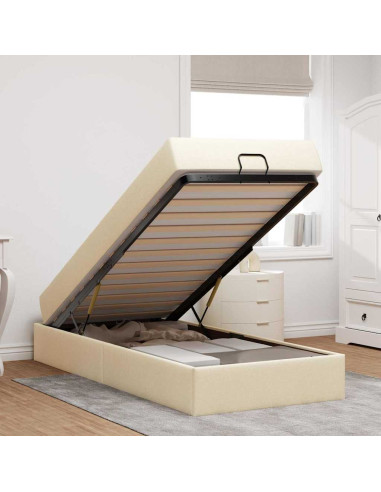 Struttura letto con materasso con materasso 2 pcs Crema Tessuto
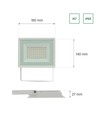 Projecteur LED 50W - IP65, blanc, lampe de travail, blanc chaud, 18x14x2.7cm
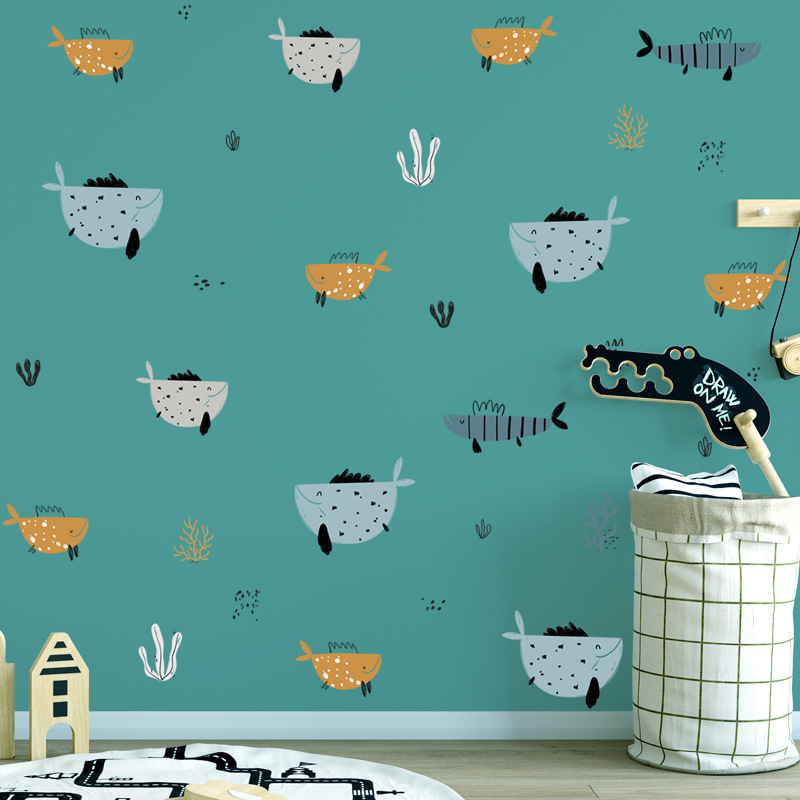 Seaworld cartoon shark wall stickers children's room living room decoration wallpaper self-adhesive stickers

+ + + + +

▶ _ASSIGNMENT_:
Omit every picture while printing the data word for word.

▶ _SOLVED EXERCISE_:
 Struttura letto con materasso con materasso 2 pcs Crema Tessuto
 Projecteur LED 50W - IP65, blanc, lampe de travail, blanc chaud, 18x14x2.7cm
 Seaworld cartoon shark wall stickers children's room living room decoration wallpaper self-adhesive stickers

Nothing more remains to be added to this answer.